And, as we are all aware, tobacco has remained to this day, evolving to become a multi-billion dollar a year industry.  Thanks to the Native Americans, more than 5 million Europeans die every year due to tobacco use.  Tobacco-related illnesses cost the American economy, on average, $193 billion a year ($97 billion in lost productivity plus $96 billion in health care expenditures). Yes, thanks to these first Native Americans, who clearly bamboozled an innocent and naive Christopher Columbus, we today must suffer from the physical, financial and psychological impact caused by their poisonous product!

It is for this reason that I call for an unprecedented class action lawsuit against all Native American people.  If they would have only kept those dried leaves to themselves instead of sharing them with our guiltless ancestors, we today would not have to suffer from the bondage that is tobacco addiction! Clearly the fault rests with them and compensation for this atrocity is more than overdue.

Let's Keep It Real Now

Ok, hopefully my tongue-in-cheek commentary won't be taken literally by too many people.  I'm not advocating that we sue Native Americans, nor do I blame them for the millions of cases of tobacco addiction that have plagued humanity over the centuries.  But I do hope that this ridiculous argument will help to highlight some of the nuances of the history of "first contact" between Columbus and the native people of the "New World."

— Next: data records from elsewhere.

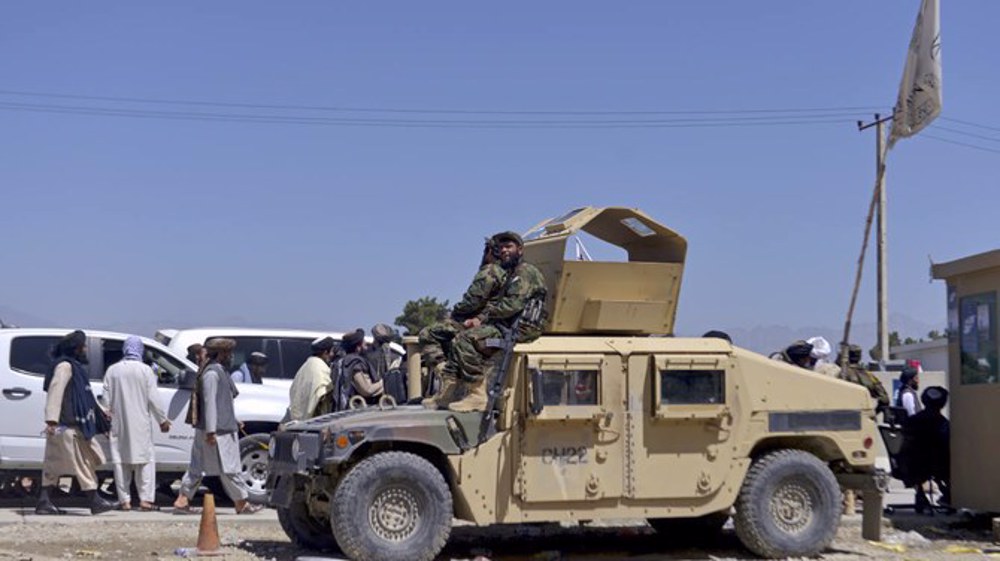 Pakistan: US weapons left behind in Afghanistan fall into militant hands 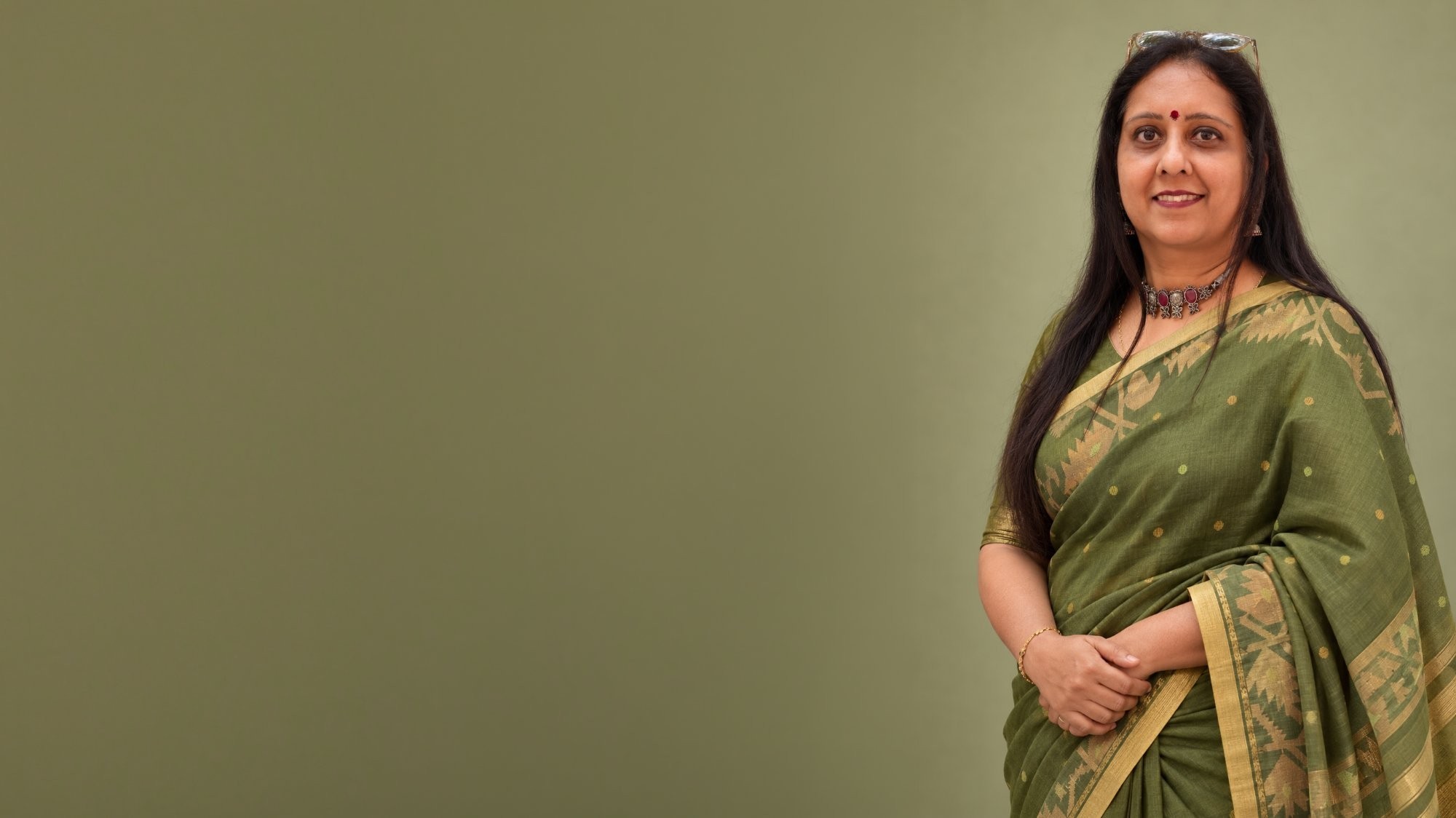 Ms. Anita Dasgupta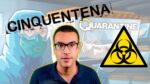 O QUE É QUARENTENA?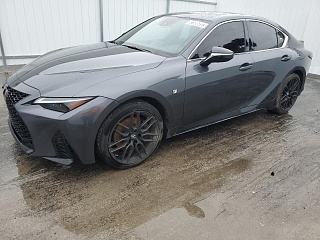 LEXUS IS 350 F SPORT 2022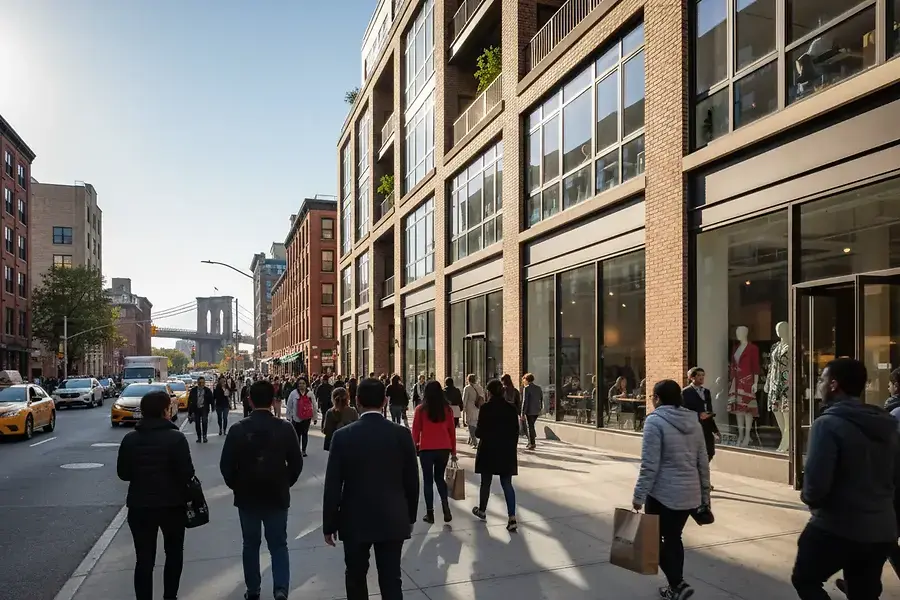 Converting Residential Properties to Commercial Spaces in NYC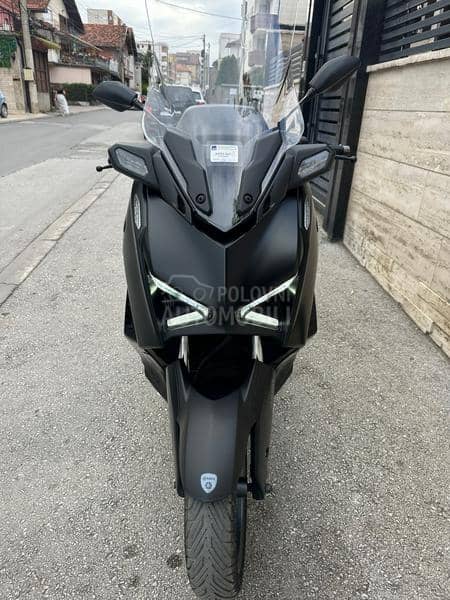 Yamaha X Max 300 Tech Max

It is both easy and convenient for us to place all of the blame for the atrocities committed against Native Americans at the feet of Christopher Columbus.  After all, he's a PERFECT scapegoat. Like any significant figure from history, Christopher Columbus was a complicated character.  He exudes characteristics that are both admirable and appalling.  As stated earlier, Columbus' prowess as a navigator is only matched by his ineptitude as a governor.  He is both fire and ice; saint and sinner; hero and villain.  The hero who "discovered" a new world and ushered in an era of exploration and colonization was eventually destined to die as a poor and destitute scoundrel whose legacy was never fully understood by his contemporaries or by subsequent generations of scholars who both revere and rebuke his accomplishments.  
 
Much of the problem with understanding Columbus' true nature and legacy has to do with the historical sin of "presentism."  To project modern day standards of morality and conduct onto those of the past is akin to contaminating a crime scene.  Our desire to play Monday Morning Quarterback with Columbus' legacy actually does more to distort true history than anything.  In the same way that each individual is to blame for his/her own tobacco addiction, we must judge Columbus by the standards of his time and according to the world as he saw it.

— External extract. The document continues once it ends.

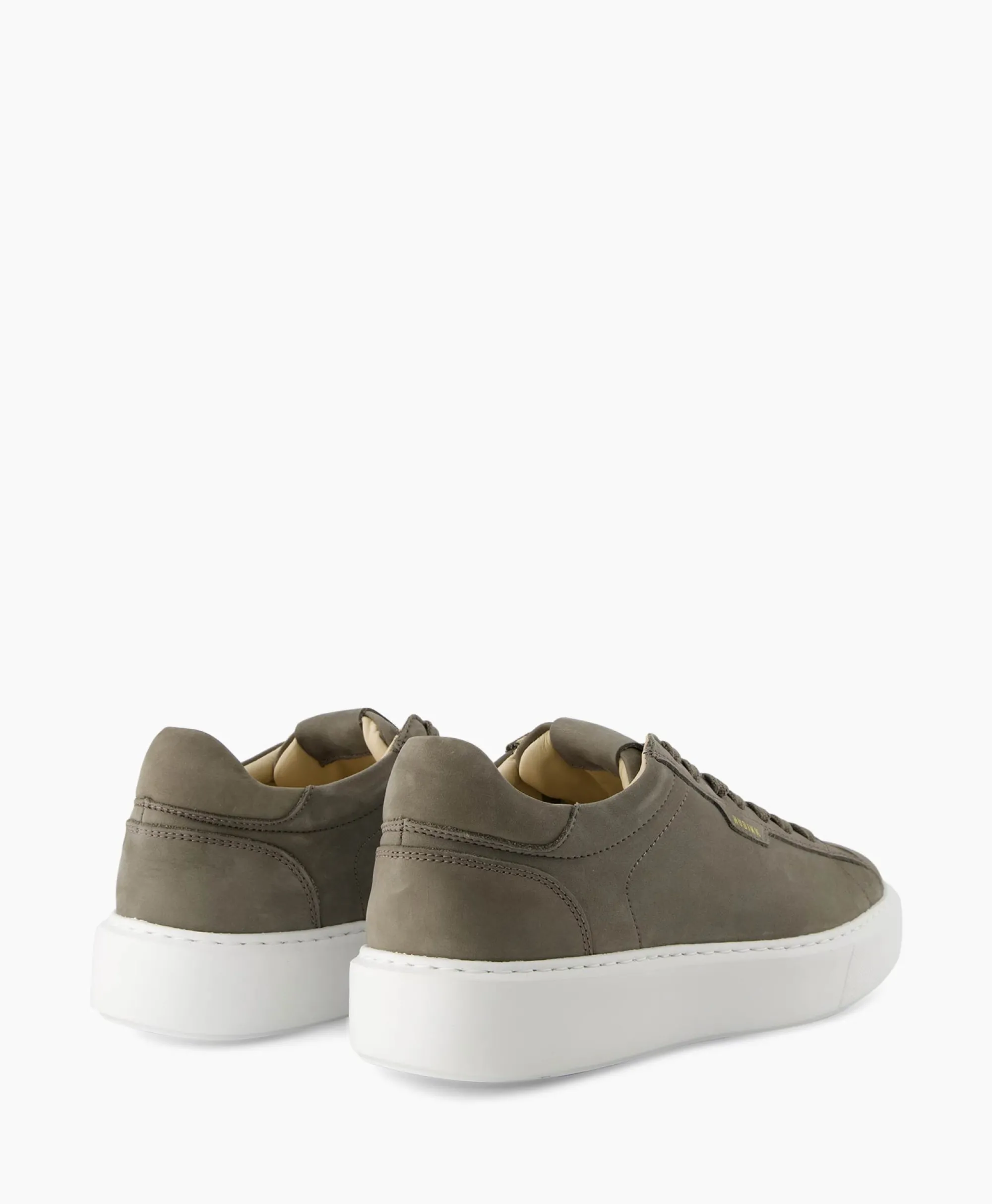Best Sneaker Vince Tora Groen Heren Sneakers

Columbus was a religious fanatic.  He believed that the end times were just around the corner and that it was his job (and the job of all other good Christians) to vehemently defend the Kingdom of God.  His quest for a new route to the "Indies," which he effectively sold to Queen Isabella, was also motivated by his desire to finance a new crusade to recapture Jerusalem from the infidel Muslims (who had just been kicked out of Spain a year earlier).  Columbus was also a man who happened to be in the right place at the right time.  The pious Spanish crown was eager to take advantage of his zeal, and a newly-invented Gutenberg press was more than ready to spread his story far and wide.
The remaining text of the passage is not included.